彼時天還亮著,王荃見她相貌極好,氣質亦是不凡,大抵是個有些體麵的,當即陪出笑臉來。
一時進到東屋,秦氏正歪在床上喝藥,銀燭魂不守舍地坐在窗沿處,愁眉不展。
施晏微上前輕聲喚她,又與床榻上養病的秦氏施了禮。
秦氏雖氣色不好,瞧著倒也不是藥石無靈的地步,這會子還有些精神頭,笑著與施晏微寒暄兩句後,看出她似是有話要與銀燭單獨說,遂叫她二人出去說話。
二人一徑出了房門,來至後院。
施晏微瞧出銀燭的反常,關切道:“你阿娘的病,可要緊?”
銀燭沉靜道:“這原是她身上的老毛病了,因這回偶感風寒高熱了兩日,這才牽出舊症來,不過比先前略重上一些,將養一兩個月便可大好。”
施晏微覺著不對勁,遂追問她:“既是如此,你方才緣何一幅心事重重的樣子?”
銀燭勉強壓抑苦悶,擠出一抹笑來,淡淡道:“阿音多心了,我隻是擔心阿娘。
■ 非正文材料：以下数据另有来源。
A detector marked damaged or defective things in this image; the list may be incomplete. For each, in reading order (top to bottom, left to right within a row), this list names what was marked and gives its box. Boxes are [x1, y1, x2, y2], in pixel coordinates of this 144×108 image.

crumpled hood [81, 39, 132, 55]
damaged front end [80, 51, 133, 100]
”
施晏微停下步子定睛看她,很是認真地問她:“你也不必騙我,滿腹的心事就差寫在臉上了。我知你不是那等自尋煩惱的人,若真個無事,斷不會這般。你我相識一場,彼此間總有情分在,便是上回那件事,我可曾透出去半個字?倘若有什麼煩心事,何妨說與我聽聽,也替你出出主意排解排解。”
銀燭這兩日無處可倒苦水,胸中著實憋悶得厲害,當下聽施晏微說的情真意切,越發視她為可信的摯友,不免眼圈一紅,將人往後院的角門處拉。
待出了院子,走進無人的巷子裡,方壓低聲音,神色黯然道:“家主的叔父,要納我做他第五房妾。偏趙郎送與我的書信畫作、墜子珠釵等物,不知怎的都叫我阿耶拿了去,以此轄製於我,道是我不依,便要將事情抖露出去,叫我和趙郎都做不成人,我這會子也不知該如何是好了...”
施晏微靜靜聽她說完,登時撂下臉來,再沒了往日的端莊溫婉,也顧不得他是宋府裡高高在上的主子,嘴裡罵道:“好個不知禮義廉恥、齷齪沒臉的下流種子,幾時叫天爺收了他去才好!平日裡仗著府裡怕也沒少做欺男霸女之事,現如今竟將主意打到你身上來了,他豈不知你是二娘屋裡的人?”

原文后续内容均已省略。